Below is the results snapshot:
*83% believe that they would get a higher price by waiting one to two years, up from 80% in the third quarter;
*43% of respondents are considering renting out their home rather than selling it, down from 46% last quarter;
*31% intend to price their home higher than nearby comparable sales, which is unchanged from last quarter;
* 37% would choose an all-cash offer over higher offers with conventional or FHA financing, up from 35% last quarter;
* 40% cited the economy as a major concern with selling, down from 49% in the third quarter;
*15% believe it is a good time to sell, up from 13% last quarter; and
*58% believe it is a good time to buy, down from 61% last quarter.
According to Redfin, compared to past surveys, the numbers were consistent with a trend of sellers being more confident about their chances in the market, a little less interested in alternatives to selling (such as renting out the home), and a little less concerned about the economy.
If these trends continue over the next few quarters 2013, Redfin says it could possibly result in an easing of “the big inventory squeeze.”

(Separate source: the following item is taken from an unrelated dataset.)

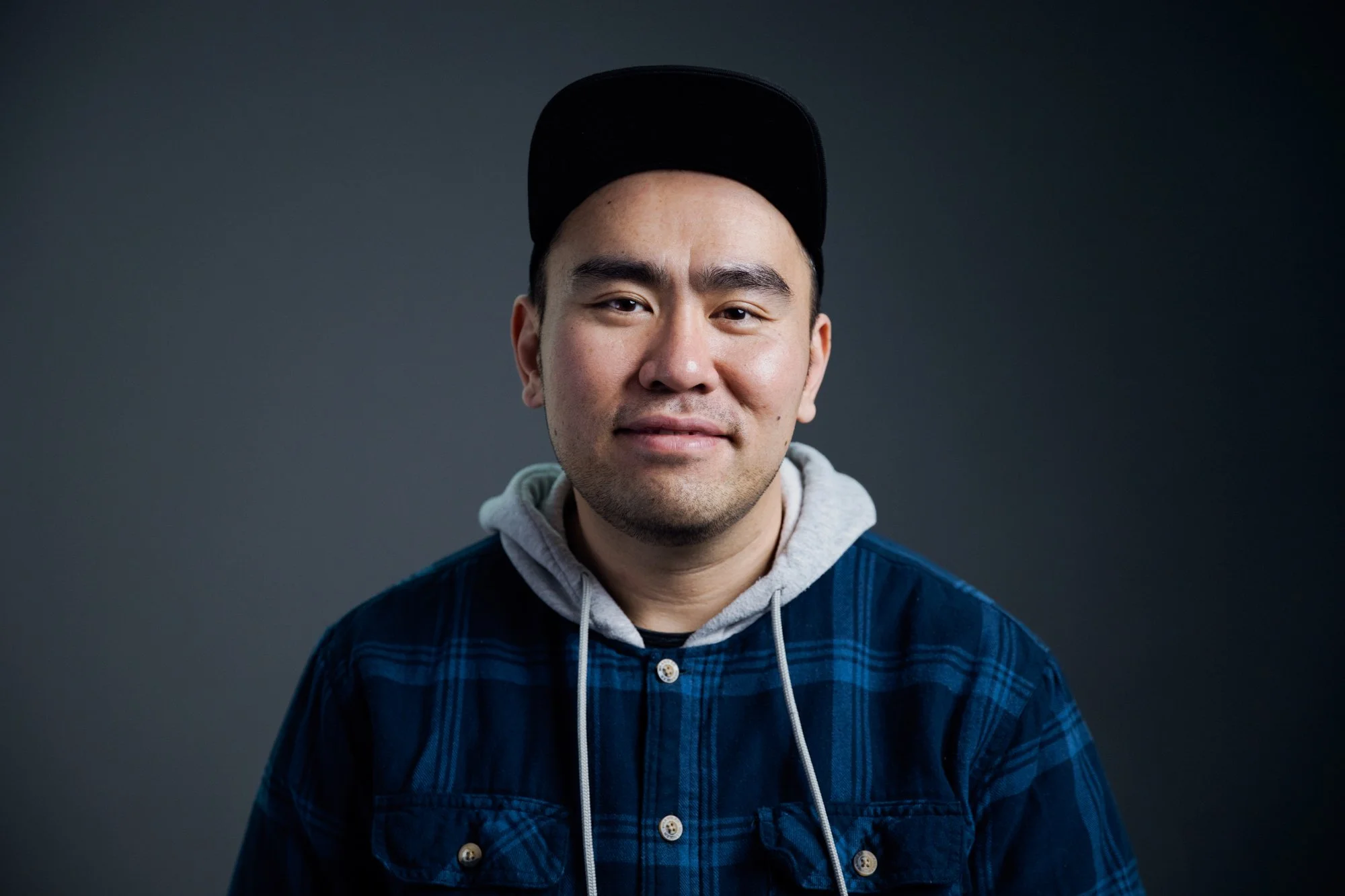 Sangmin Lee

In my case, I sold out of necessity, and not to make a profit. But I feel I just got lucky in two respects: I bought around the time when the market was at or near the bottom; and sold when people who owned homes were betting that prices would be higher in the near future. For me, the convenience in that it sold so quickly more than makes up for any speculative gains I could have made a year from now if I rented out the house, or just sat on it.
Jim Cramer has always said “Bulls make money, bears make money, and hogs get slaughtered.” At what point would you decide that it is the right time to put the house on the market if you're looking to make some money on the deal? At what point do you become a Hog? What happens if you miss that window of opportunity and prices dip again?